**PROBLEM DESCRIPTION**
Below are records; from the line containing "Boucles d'oreilles papillon" through the very last line, output each line exactly. No pictures.

**THE INPUT**
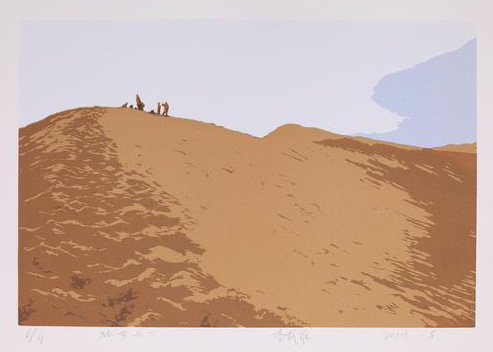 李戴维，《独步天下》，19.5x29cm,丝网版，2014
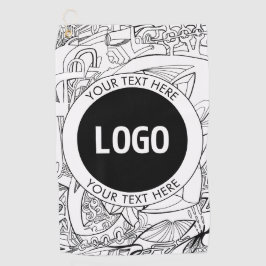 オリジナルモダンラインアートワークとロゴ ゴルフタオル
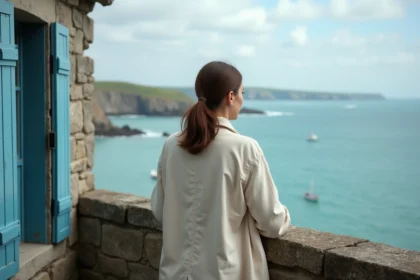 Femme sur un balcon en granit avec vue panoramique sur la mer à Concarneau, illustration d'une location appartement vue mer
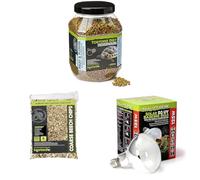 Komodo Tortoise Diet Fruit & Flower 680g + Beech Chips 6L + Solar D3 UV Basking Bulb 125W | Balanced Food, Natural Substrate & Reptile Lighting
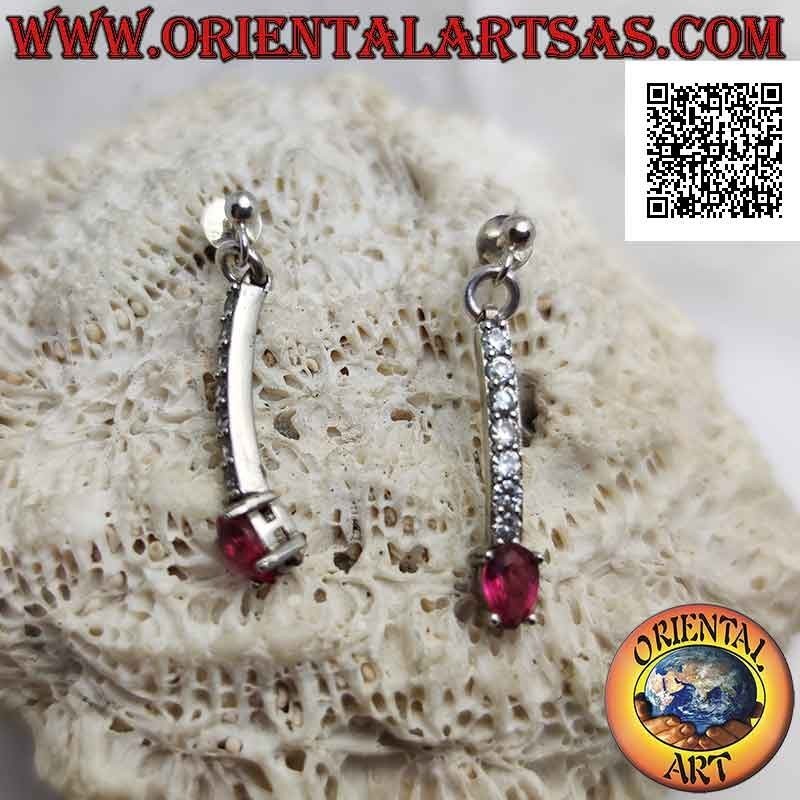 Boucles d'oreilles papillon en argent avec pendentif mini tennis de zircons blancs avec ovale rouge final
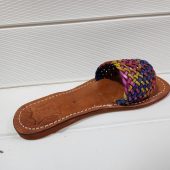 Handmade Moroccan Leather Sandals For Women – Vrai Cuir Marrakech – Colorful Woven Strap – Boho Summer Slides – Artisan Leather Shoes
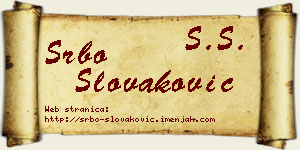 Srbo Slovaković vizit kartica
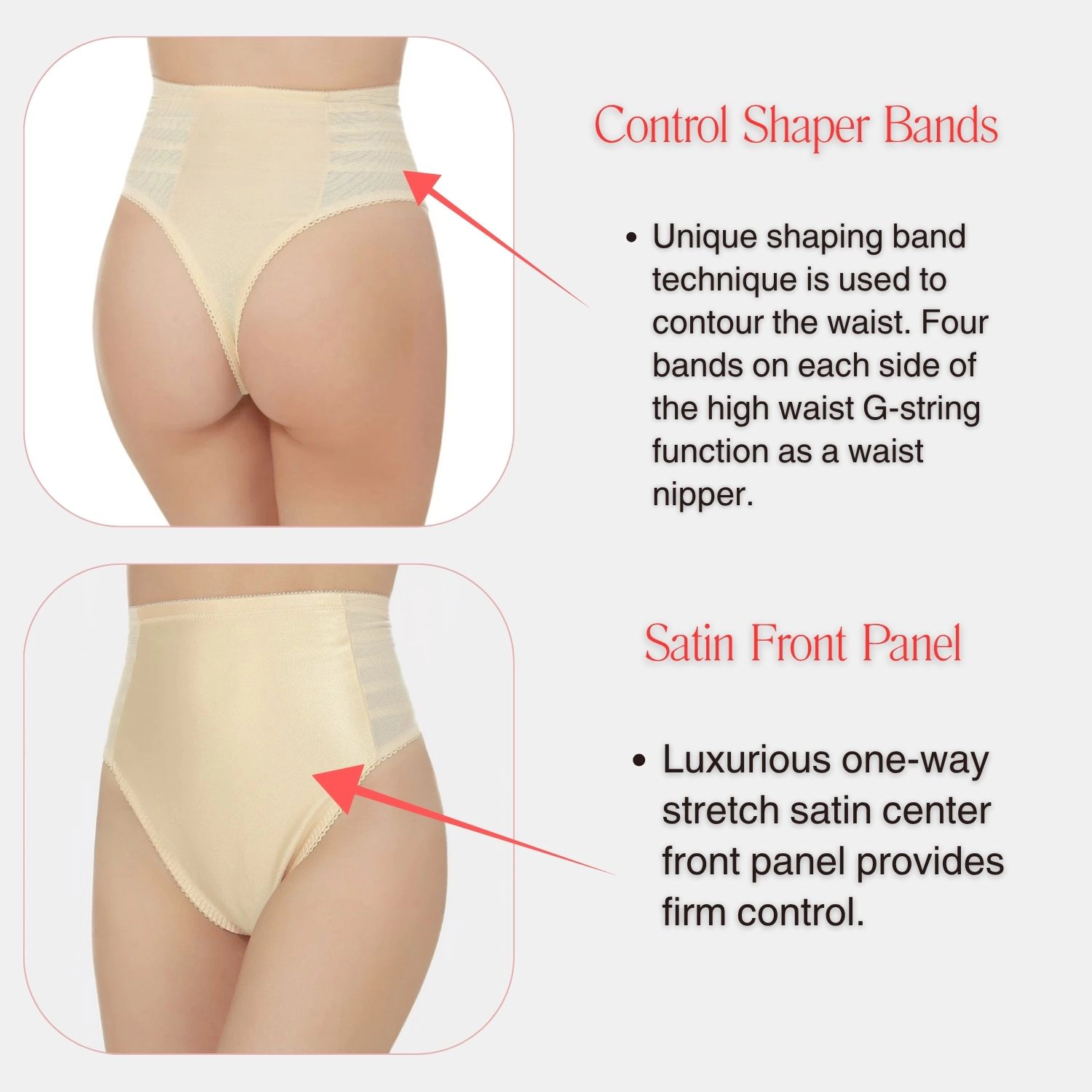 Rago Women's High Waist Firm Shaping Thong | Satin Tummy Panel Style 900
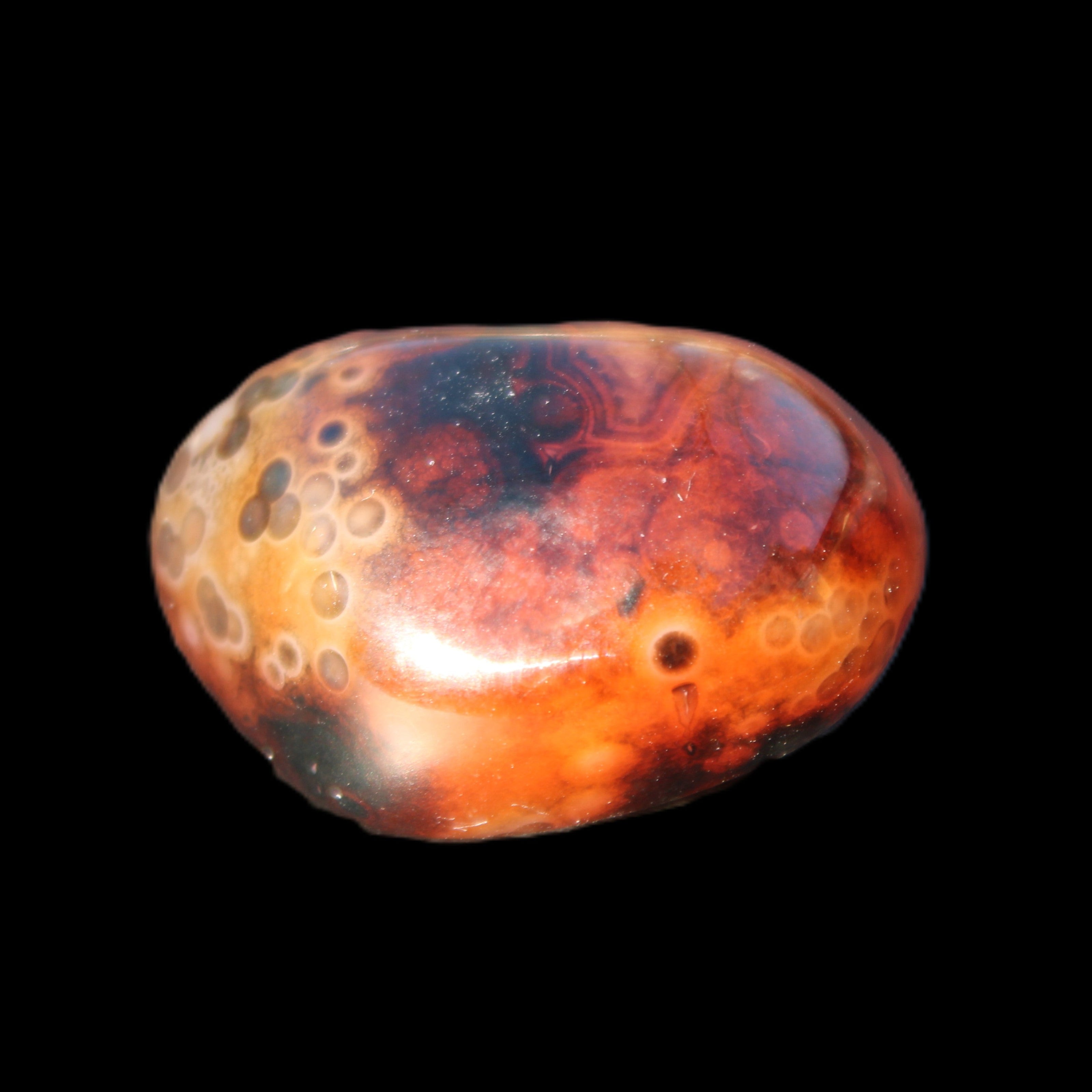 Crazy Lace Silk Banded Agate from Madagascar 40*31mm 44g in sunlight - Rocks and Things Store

**WRITTEN SOLUTION**
 Boucles d'oreilles papillon en argent avec pendentif mini tennis de zircons blancs avec ovale rouge final
 Handmade Moroccan Leather Sandals For Women – Vrai Cuir Marrakech – Colorful Woven Strap – Boho Summer Slides – Artisan Leather Shoes
 Srbo Slovaković vizit kartica
 Rago Women's High Waist Firm Shaping Thong | Satin Tummy Panel Style 900
 Crazy Lace Silk Banded Agate from Madagascar 40*31mm 44g in sunlight - Rocks and Things Store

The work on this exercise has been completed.